→ **Work instructions**: Reproduce only what runs from the line containing "Welcome to part" to the line containing "Otherwise you can" in the records below, inclusive. Keep it exact, and keep the pictures out.
(Data section begins)
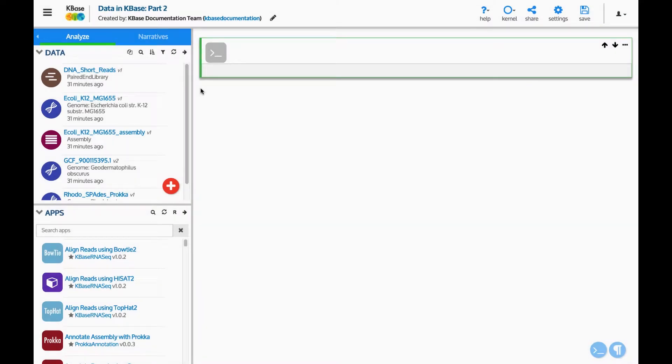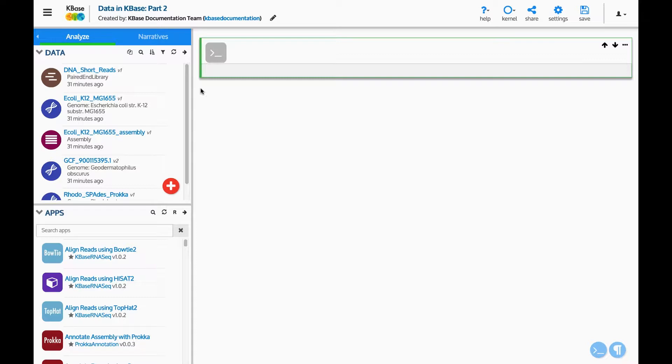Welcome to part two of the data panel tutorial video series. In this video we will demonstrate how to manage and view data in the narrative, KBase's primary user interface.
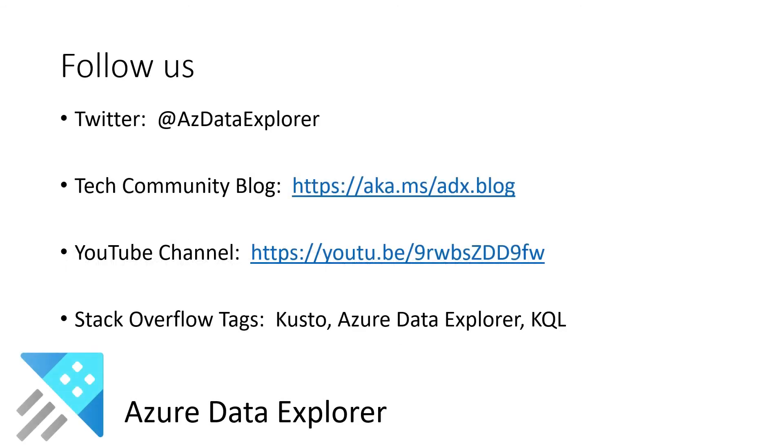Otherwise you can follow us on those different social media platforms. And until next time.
(Data section ends)
(Data section begins)
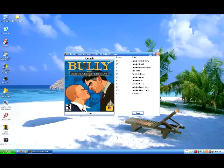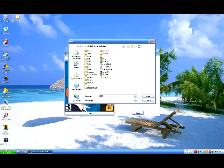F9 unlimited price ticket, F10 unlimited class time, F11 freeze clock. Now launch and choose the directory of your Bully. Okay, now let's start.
(Data section ends)
→ **Reply**:
Welcome to part two of the data panel tutorial video series. In this video we will demonstrate how to manage and view data in the narrative, KBase's primary user interface.
Otherwise you can follow us on those different social media platforms. And until next time.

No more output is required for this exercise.